María no comprende estas palabras pero no hay tiempo ni siquiera para comprenderlas, pues Simeón le dice: “Y a ti, tus anhelos, te los truncará una espada» (Lc 2,35). 

La espada se usa con frecuencia en el Nuevo Testamento como imagen de la incisividad de la palabra del Señor (“Tomad por casco la salvación y por espada la del Espíritu», Ef 6,17; Ap 1,16), que se describe como «viva y enérgica, más tajante que una espada de dos filos, penetra hasta la unión de alma y espíritu, de órganos y médula, juzga sentimientos y pensamientos», (Heb 4,12). 

Será la palabra de Jesús la espada que atravesará el alma y la vida de María; no comprendida, su palabra le causará sufrimiento, invitándola a hacer una elección radical. Y ya las primeras palabras que Jesús pronunciará en el evangelio serán motivo de disgusto e incomprensión para José y María, que comienza a darse cuenta de que, tal vez, las expectativas puestas en este hijo se realizarán de modo bien diferente a
como ella pensaba. Cuando por primera vez en el evangelio Jesús abre la boca, es para reprochar a la madre y a su esposo, tratándolos de ignorantes. 

Escribe Lucas que los padres de Jesús partieron de Jerusalén (adonde habían ido para la Pascua) olvidando a su hijo: “Mientras ellos se volvían, el joven Jesús se quedó en Jerusalén sin que se enteraran sus padres» (Lc 2,43). 

María no se describe como una madre-clueca, que no fomenta el crecimiento de sus propios hijos, manteniéndolos bien pegados a su falda: tanto ella como el marido parecen dejar al adolescente Jesús en libertad e independencia. Pero cuando, finalmente preocupados por su ausencia, se ponen a buscarlo «a los tres días lo encontraron en el templo sentado en medio de los maestros, escuchándolos y haciéndoles
preguntas» (Lc 2,46). 

Si, al verlo, ambos -quedaron impresionados», es solamente la madre la que pregunta a Jesús: “¿Por qué te has portado así con nosotros? ¡Mira con qué angustia te buscábamos tu padre y yo” (Lc 2,48). 

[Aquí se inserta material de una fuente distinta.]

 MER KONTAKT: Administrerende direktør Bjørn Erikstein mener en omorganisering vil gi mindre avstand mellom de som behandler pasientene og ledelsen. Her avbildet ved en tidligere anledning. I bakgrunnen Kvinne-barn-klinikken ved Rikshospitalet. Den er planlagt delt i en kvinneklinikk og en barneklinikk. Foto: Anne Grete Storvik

Jesús no solo no acepta el tirón de orejas, sino que pasa a reprochar a sus padres: “¿Por qué me buscabais? ¿No sabíais que yo tengo que estar en lo que es de mi Padre?. 

Jesús reivindica la completa libertad de acción y recuerda a la madre que si José es su marido, no por esto es su padre, como ella había afirmado incautamente (“ tu padre y yo», Lc 2,48). 

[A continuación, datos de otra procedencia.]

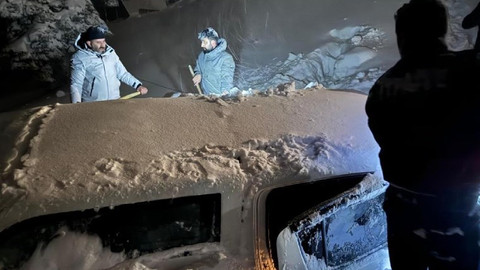 Artvin'de üzerine çığ düşen iş makinesi operatörü can verdi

Una vez más subraya el evangelista que “ellos no comprendieron lo que les había dicho» (Lc 2,50), y la espada, profetizada por Simeón, continúa atravesando el alma de María “para que queden al descubierto las ideas de muchos» (Lc 2,35). 

Las palabras de Jesús, aunque no comprendidas, no son rechazadas por ella que “conservaba todo aquello en la memoria” (Lc 2,51). Pero estaba todavía por llegar el momento en que la palabra de Jesús traspasaría a la madre para convertirla en discípula.